Allerdings noch größere Risiken für Klimakipppunkte bergen andere Kältezonen der Erde. Das belegt eine 2022 erschienene Untersuchung der britischen Universität Exeter, an der ein internationales Forscher*innenteam mitwirkte.

Die Studie kam zu dem Ergebnis, dass wahrscheinlich bereits bei einer mittleren Erderwärmung von 1,5 bis 2 Grad Celsius das Grönland-Eis, das Barents-Meereis und der westantarktische Eisschild abschmelzen, die Zirkulation im Labrador-Meer kollabiert sowie die borealen Permafrostböden auftauen.

Wahrscheinlich werden dann auch die Korallenriffe dieser Welt wegen steigender Meerestemperaturen absterben – eine Vorhersage, die schlimmerweise bald einzutreffen droht. Laut der Organisation „International Coral Reef Initiative“ waren im Frühjahr 2025 weltweit über 80 Prozent aller Riffe von der auf Dauer für die Nesseltiere tödlichen Korallenbleiche betroffen.

Wie lässt sich die Erderwärmung abbremsen?

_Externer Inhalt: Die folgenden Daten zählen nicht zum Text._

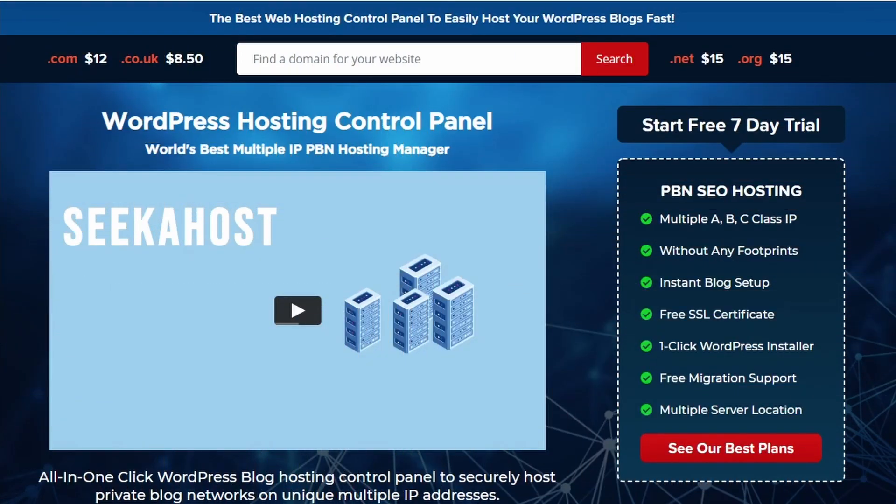So thanks for watching again. And if you haven't got yourself online, head over to seekerhost.app where you can get yourself a domain, a PBN blog, WordPress site or tracking site all in one easy place. Thanks again for watching and we'll catch you next time.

Um die Erderwärmung auf 1,5 Grad Celsius – dem optimalen Ziel des Pariser Klimaabkommens – zu begrenzen, müssten in einem ersten Schritt die weltweiten CO2-Emissionen bis 2030 ungefähr halbiert werden. Das hat der Weltklimarat 2023 in seinem letzten Sachstandsbericht festgestellt.

Eine derart drastische Reduktion der CO2-Emissionen in den verbleibenden Jahren dieses Jahrzehnts ist äußerst unwahrscheinlich. 2024 war der weltweite Kohlenstoffdioxid-Ausstoß so hoch wie nie. Die energiebedingten CO2-Emissionen lagen laut Internationaler Energieagentur IEA bei 37,8 Milliarden Tonnen – ein neuer Höchststand, und das zum vierten Mal in Folge!

Zwar hat der weltweite Ausbau der erneuerbaren Energien dafür gesorgt, dass die CO2-Emissionen immer nur gering angestiegen sind. Ein Stop oder gar eine Umkehr dieses Trends ist bisher aber ausgeblieben.

In den nächsten Jahren wächst der Strombedarf weltweit aufgrund vieler neuer, energiehungriger Rechenzentren für KI-Anwendungen. Das erschwert die Stillegung von Kohle- und Gaskraftwerken.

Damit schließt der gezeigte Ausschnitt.